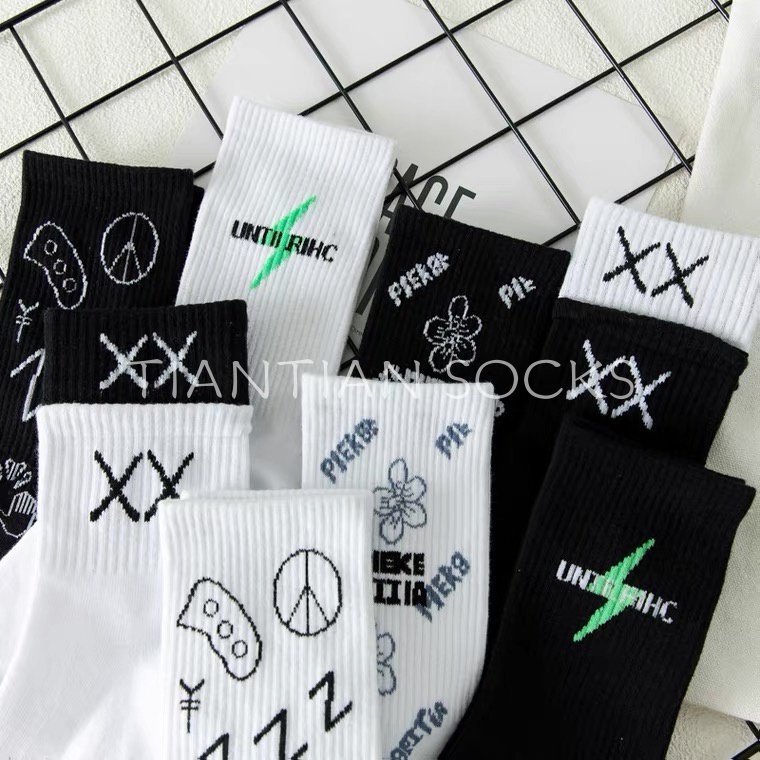 Vớ thể thao tất cotton nam nữ cổ cao phong cách hip hop cá tính cho cặp đôi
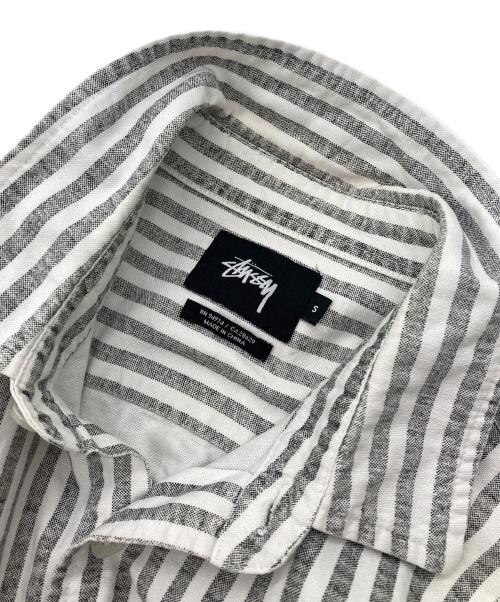 stussy（ステューシー）stussy (ステューシー) 15SS Pin Up Stripe S/S Shirt グレー サイズ:Sの古着・服飾アイテム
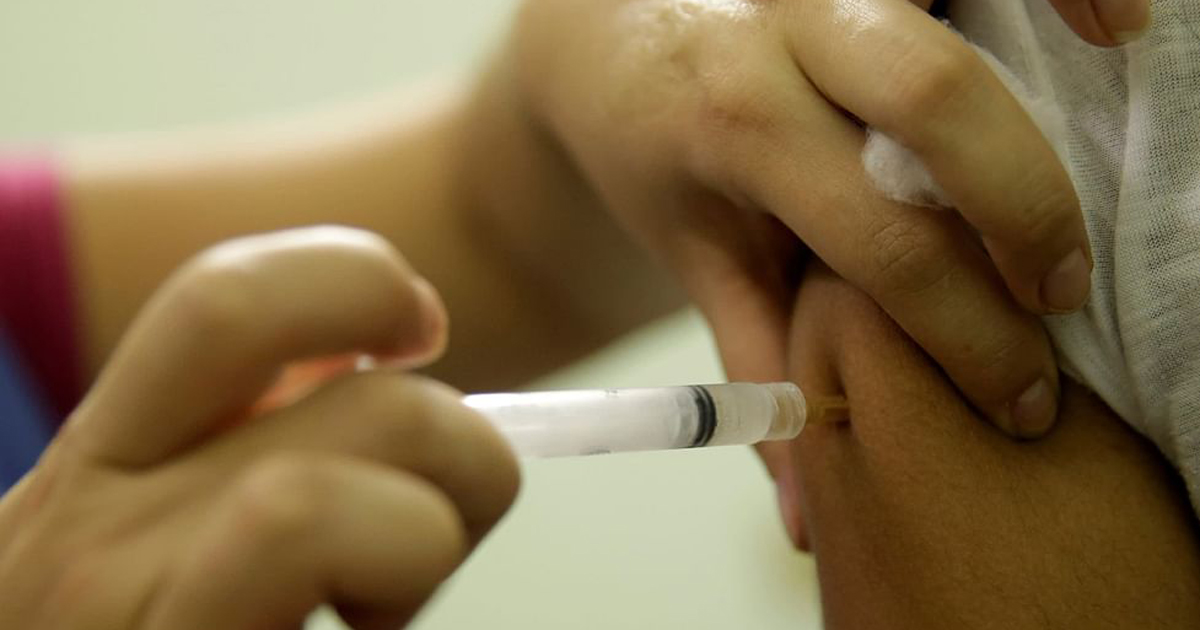 বুস্টার ডোজ দেয়া শুরু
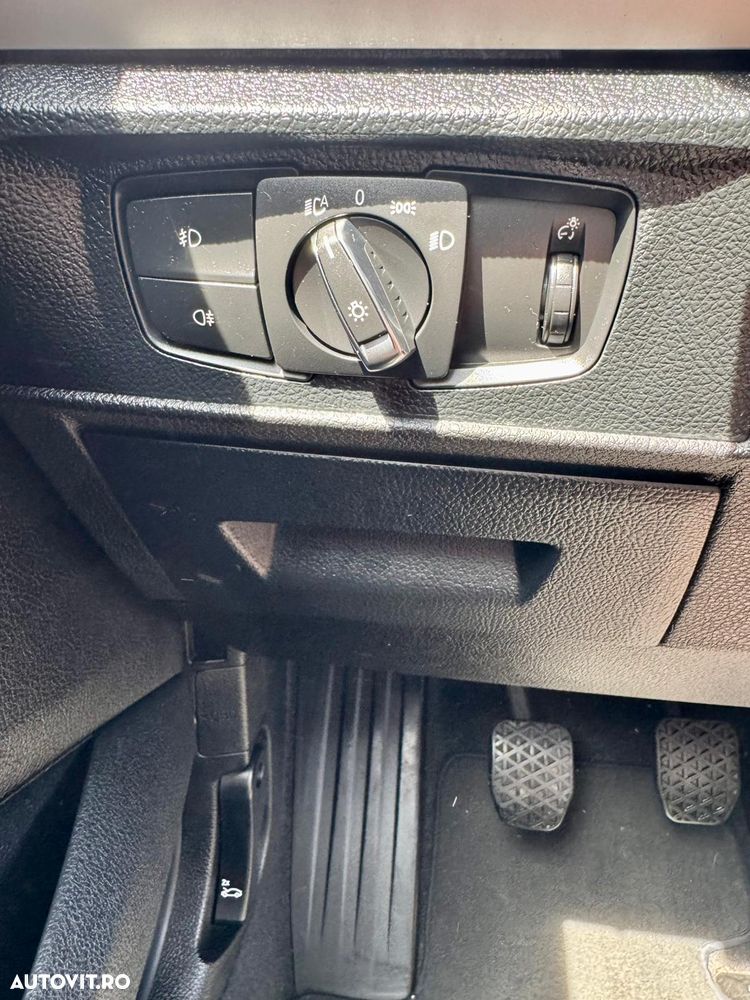 BMW Seria 1 120d Sport Line - 34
^^^^^^^^^^^^^^^^
- **Task**: Each line of the listing above must be given again exactly; the pictures are to be left out.

- **The answer**:
 Vớ thể thao tất cotton nam nữ cổ cao phong cách hip hop cá tính cho cặp đôi
 stussy（ステューシー）stussy (ステューシー) 15SS Pin Up Stripe S/S Shirt グレー サイズ:Sの古着・服飾アイテム
 বুস্টার ডোজ দেয়া শুরু
 BMW Seria 1 120d Sport Line - 34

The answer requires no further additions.